Most global markets continue to fret about the Greek situation, and it appears that the Greek drama has reached its final Act. The Greeks have to now decide whether they want to be part of the Euro, as the Greek Prime Minister Tsiparas plans to go to the Greek people in a referendum. The Greek banks are as of now, shut. Over Monday and Tuesday, after the announcement by Tsiparas, while equity markets in Europe were volatile, there was no significant change in the government bond yields of Spain and Italy – 10 year government bond yields in these countries continue to be one third of what they were in 2012. Also, the size of Greece’s government debt at $360 billion is not very large when you consider that some investment banks have assets of close to $2 trillion – therefore the situation is not as bad as the 2008 crisis when many of these investment banks were in trouble. The fact that one does not see contagion yet does give one some assurance, but the world will continue to watch the situation over the next few days as some analysts weigh impact, both economic and non-economic such as from a military strategy / foreign policy view.
Meanwhile, India’s current account situation continues to strengthen with the deficit now down to 0.2% for the quarter ended 31-Mar-15 and 1.3% for the full year ended 31-Mar-15 as against the worrying 4.8% it had reached in the quarter ended 30-Jun-2013. Also the RBI’s forex reserves have been swelling – reserves are up $48bn to $352bn from 31-Mar-14 to now – Interestingly $32bn out of that number has been accumulated since 31-Dec-14. The RBI has thus built a lot of leg room to better face any situation that may arise as a result of a continuing poor global situation – it has cushion in terms of forex reserves and also by keeping the repo interest rate at 7.25%, the RBI has a lot of room to cut interest rates to drive growth if inflation remains contained. A good monsoon would dampen inflation and may encourage the RBI to cut rates in the busy season policy later in the year.

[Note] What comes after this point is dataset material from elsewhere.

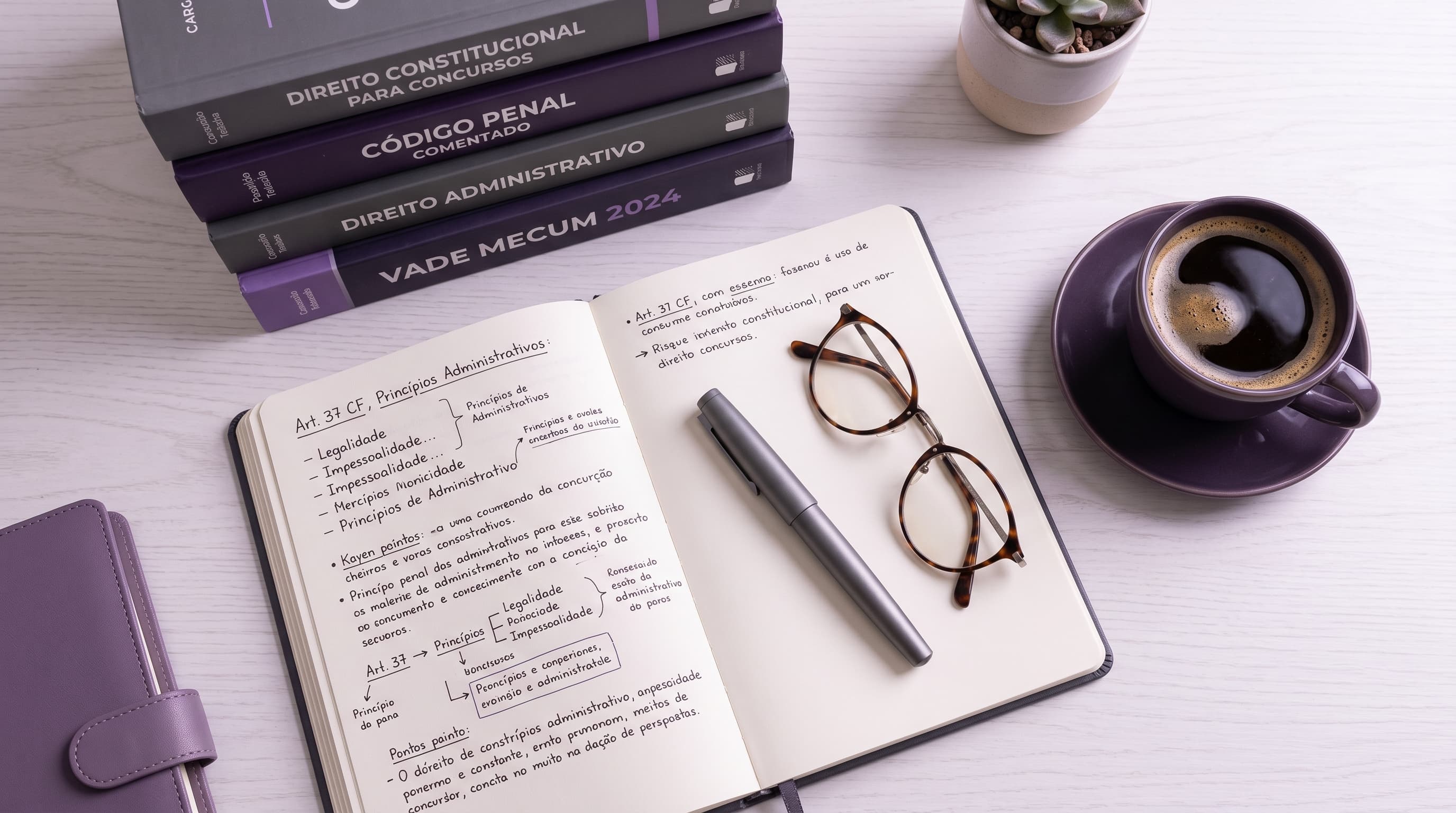Mesa de estudos com livros de Direito Constitucional, Penal e Administrativo, Vade Mecum e anotações do Art. 37 da Constituição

Expert value investors like Warren Buffett recommend that one should not over-analyse macroeconomic concerns, and focus one’s efforts on the study of the prospects of individual companies and the prices at which they are trading at as compared to their intrinsic value. The premise in that statement is that crisis and excessive optimism are a part of the normal evolution of economies. A truly great company finds ways to manage itself well through both bad times and good. We have several companies in India with some excellent prospects in the coming years. The Indian consumer is on a strong wicket – a young population, increasing income, high savings rate, little borrowing and under-served. Some of these companies are trading at prices that are at a reasonable discount to intrinsic value. Big draft downs in these stock prices, due to negative economic news offers an opportunity for long term investors.